When couples first get married, one of the fundamental changes they face is suddenly sharing their lives in ways they never have before. In an ideal world, these would all be happy changes, but without a doubt, there are also difficult adjustments that come with living a life in which the decisions are no longer yours alone. And the mother of all these is learning to share decisions about money.
You may have different spending habits. When one of you is more of a spender, and the other is more of a saver, this can obviously be a source of stress. You may have different ideas about where the money should go. When you’re used to having all the say as a single person in how you handle money, learning to share, compromise and work together can be a challenge for any couple.

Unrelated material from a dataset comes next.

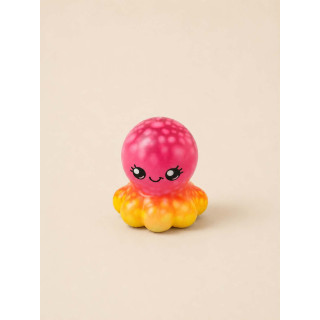 Fidget Squishy Pieuvre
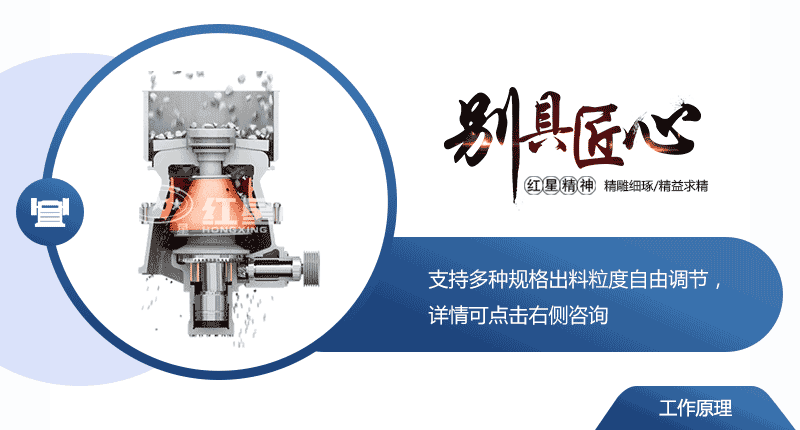 圆锥破原理 圆锥破原理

However, there is one fundamental decision you can make today that could make a world of difference in mitigating the problems that money causes in your day-to-day relationship: make a budget (and stick to it).
Now, I realize that’s not as simple as it sounds, because it involves confronting all the challenges I mentioned above about reconciling the differences in your wants, needs and habits (although addressing them is in and of itself a good thing). However, as soon as you make the decision to treat budgeting more as math than a power struggle, to live within your means, and have a plan that brings you more security day-to-day as well as in the long-term, you’re on your way to making your lives a lot less stressful. Here is the beautiful thing: when that happens, it frees up space in your mind and your relationship to work on some more of the fun stuff, like enjoying your time together.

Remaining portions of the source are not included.